OK kids, at long last, here’s the motor I’ve been waiting for. Manufactured and designed by Motenergy to Electric Motorsports’ specs, this is a beast on the spec end, yet only weighing in at 35lbs. I’m not going to screw around with my thoughts and theories, I’m just going to give you what I have.
– 4 pole motor (8 magnets).
– Phase to Phase winding resistance: 0.013 Ohms
– Maximum recommended rotor speed: 6500 RPM
– Voltage: 0 to 120 VDC input to the control
– Torque constant of 0.15 Nm per Amp
– The Inductance Phase to Phase is 0.10 Milli-Henry with a 28 turns per phase.
– Armature Inertia: 45 Kg Cm Squared
– Current: 180 Amps AC continuous (220 Amps DC into the motor control)
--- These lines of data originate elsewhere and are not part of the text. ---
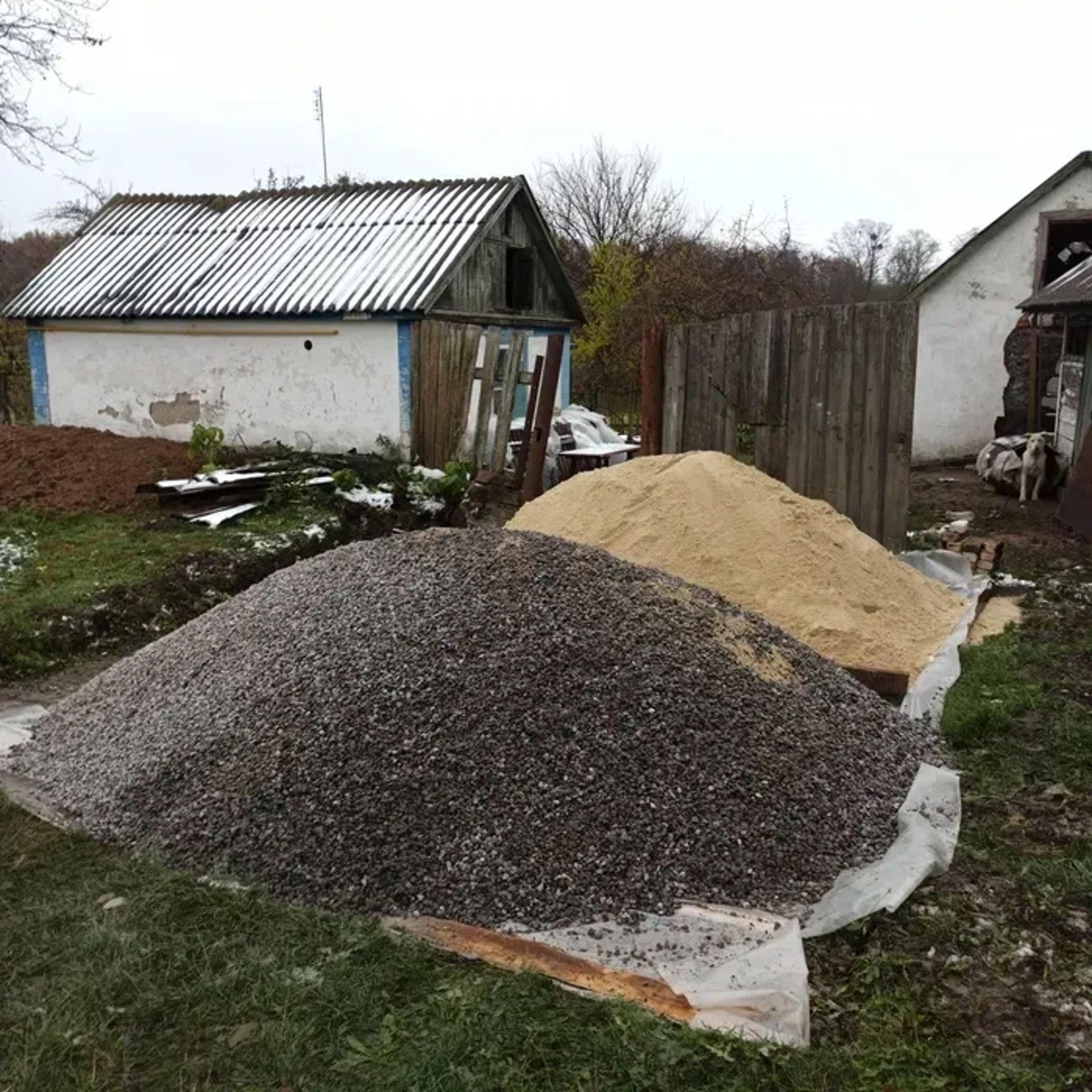 ЗА ЦІНАМИ ВИРОБНИКА . Доставка пісок, щебінь, відсів, від 1 до 25тонн.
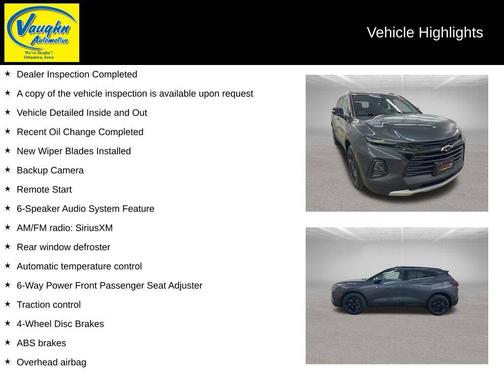 Iron Gray Metallic 2021 Chevrolet Blazer 3LT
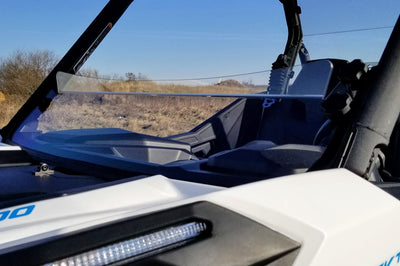 SPIKE Half Windshield Can Maverick Trail - Windshield/Windscreen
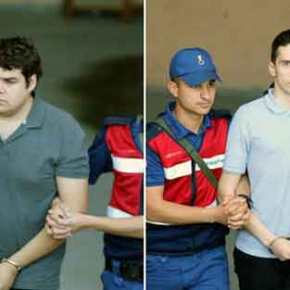 Τουρκικά ΜΜΕ: Ελεύθεροι οι δύο Έλληνες στρατιωτικοί που κρατούνταν στην&nbsp;Αδριανούπολη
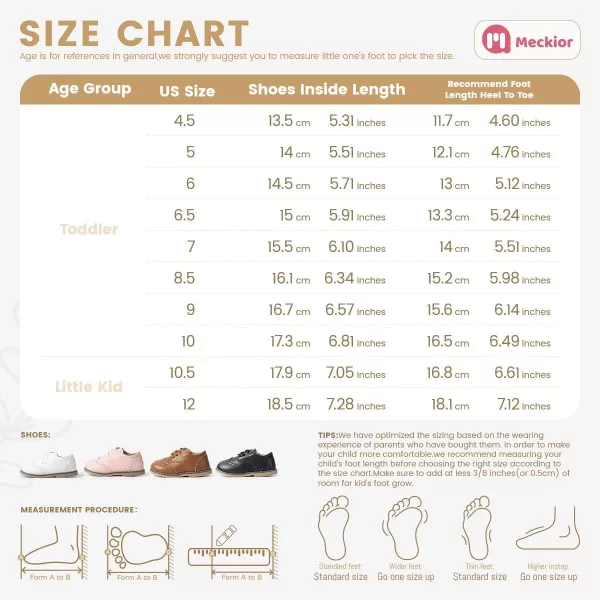 Meckior Toddler Boys Girls Dress Shoes Little Kid Oxford Shoes Wedding Church Dress Shoes PU Leather Lace Up School Uniform Loafer FlatsABlack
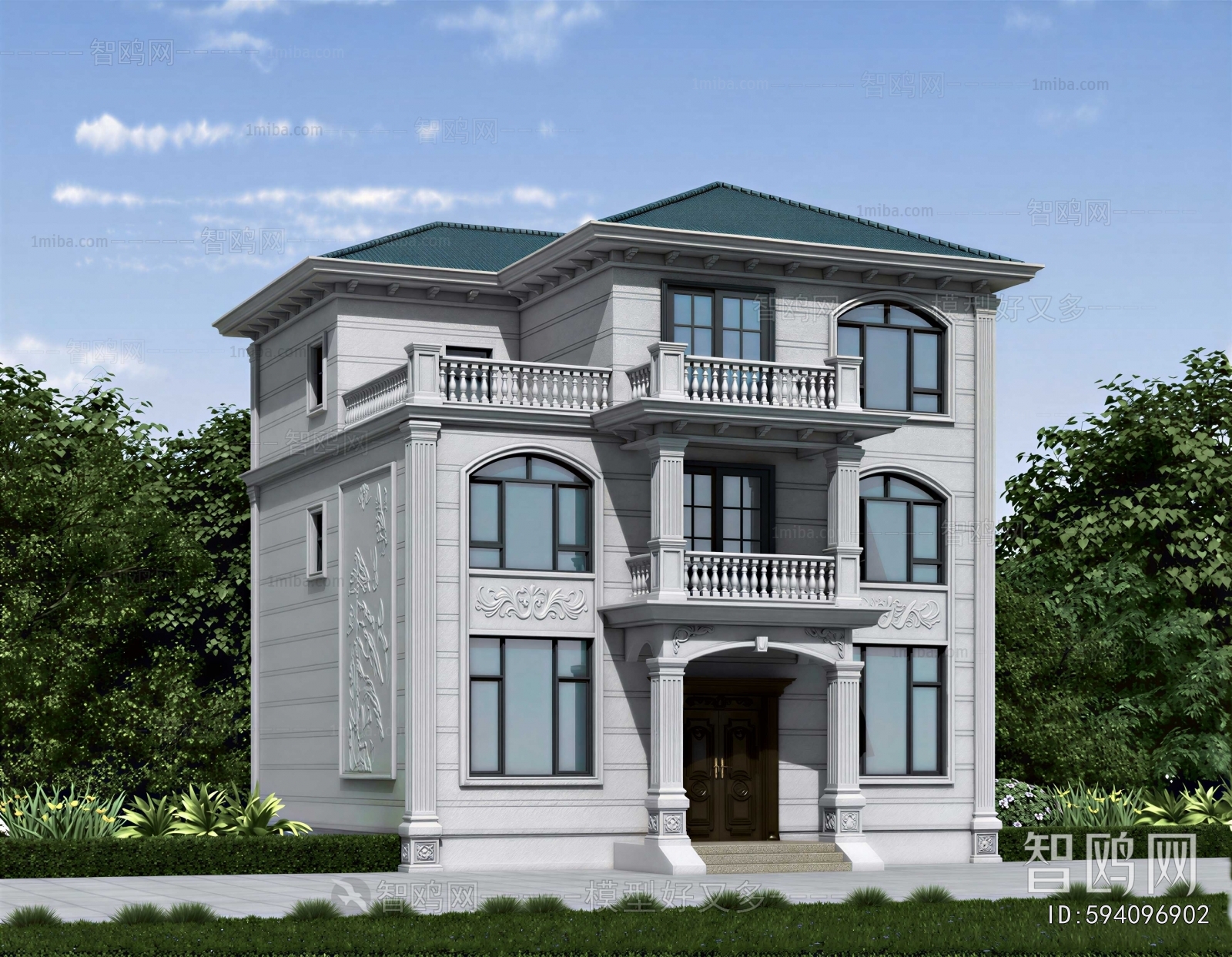 European Style Detached Villa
– Peak current: 480 Amps AC for 1 minute (660 Amps DC into the motor control)
– Weight: 35 pounds
– Peak Stall Torque: 100 Nm.
– Cooling: Water cooled (50% Glycol)
If you’ve been paying attention, this is going to look familiar. The Purdue LSR team was running something that’s a variation of this, and there is a kart team that’s been playing around with it too, but this is a motor specifically designed for the guys at Electric Motorsports and it’s designed to their specs for their market.
I was trying to get some curves on the thing, but we don’t have anything publishable right at the moment. I was told that, though the curves they have are “showing something like a 20% increase” (over, I presume, the non-liquid-cooled Motenergy PMAC ME1115), they feel that they’re not “real world” information for traction applications. In fact, they’re in the process of building a dyno to generate their own data under conditions that are more useful for their applications.
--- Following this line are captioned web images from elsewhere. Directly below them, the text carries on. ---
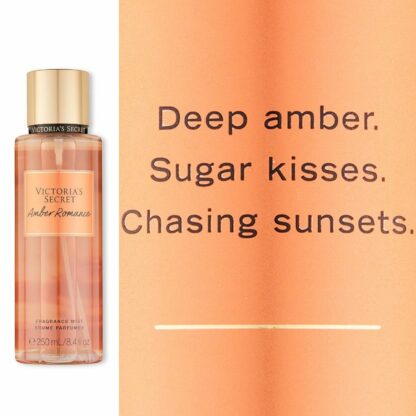 Victoria’s Secret Amber Romance Komplekt (Kehasprei + Kehalosjoon) - Image 4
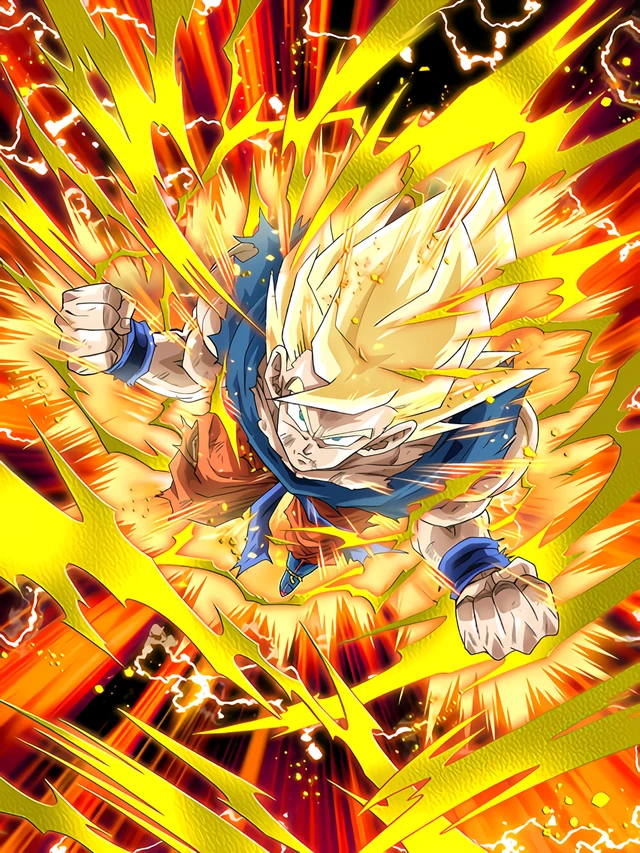 Super Saiyan Goku artwork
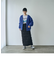 起毛アゼ編みVネックニットカーディガン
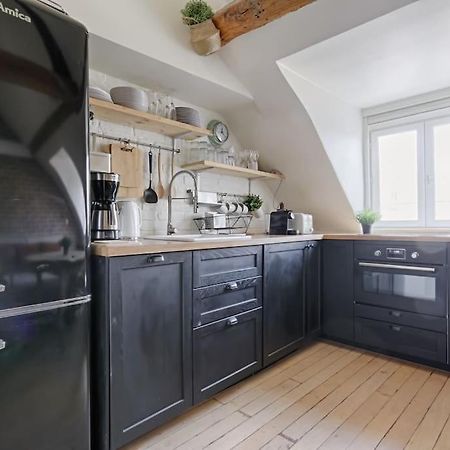 Mykeypers - Fantastic Designed Parisan Loft 2Br/6P- Le Marais 아파트 외부 사진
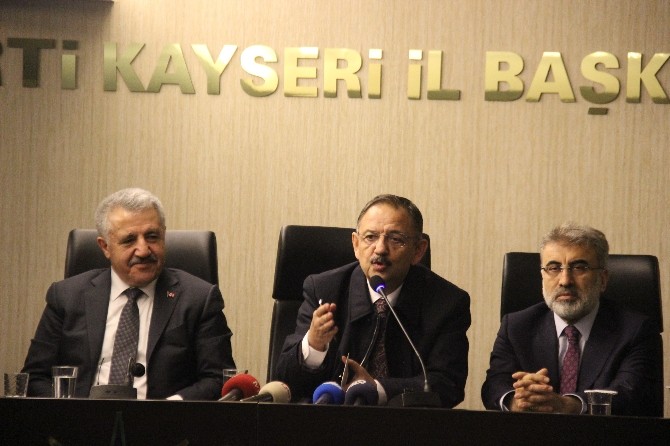 Çevre Ve Şehircilik Bakanı Özhaseki:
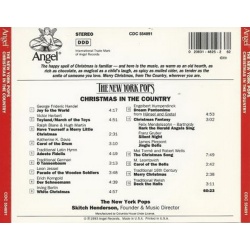 The New York Pops Christmas In The Country CD, Compact Disc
Well, hell. OK. I can wait.
Here’s the fun part. Let’s say you have your heart set on the venerable AC-20. Well, this little trinket is going to show the same voltage (120V) and the same horsepower ratings (41Hp – 100Hp) at 20lbs less (35lbs vs 55lbs). It’s rated at a slightly lower upper limit – 6000RPM vs 7500RPM, and is a considerably smaller package, even if you include the cooling system. (The non-liquid-cooled version, the ME1115, runs at a top recommended RPM of 5000.) The bad news is that you’re looking at a package that’s about $1K more pricey, controller and all included.
And yes. This is for using with the Sevcon Gen4 – a “sine-wave” controller. Which is more betterer.
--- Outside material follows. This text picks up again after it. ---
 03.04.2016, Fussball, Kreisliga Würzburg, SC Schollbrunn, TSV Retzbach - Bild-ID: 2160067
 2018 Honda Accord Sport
I’m not entirely sure, but I think you can buy the motor separately, not that you should, or want to, but only through Electric Motorsports. You can get the entire package including:
– Gen4 controller with heat sink
– Choice of throttle
– Forward/Reverse switch
– Ignition key
– Emergency stop button
– Wiring harness
– Liquid cooling kit with 12V high temperature pump, radiator, reservoir, hoses, and fittings
– DC-DC power supply for pump
– Sevcon ClearView CANopen display
– Inline gear reducer
I’ve got to add, you have the choice of the Magura throttle or a new, reportedly more robust throttle: the Domino, with included microswitch. I haven’t seen it, but reports are that it’s head and shoulders stronger and better than the Magura we’ve always loved, trusted, and packed a spare of in the repair kit.
So here are the links. Get your DLC-28 complete kit here. Get your DLC-28 motor here, again, not sure if they’d sell you just the motor, and I’m certainly not sure you’d want to buy it without them setting up the controller for it, unless your name is Mr Wizard. They also have a 48V kit version, the DLC-20, but I’m not runnin’ no 48V in my bike, no sir, thank you very much.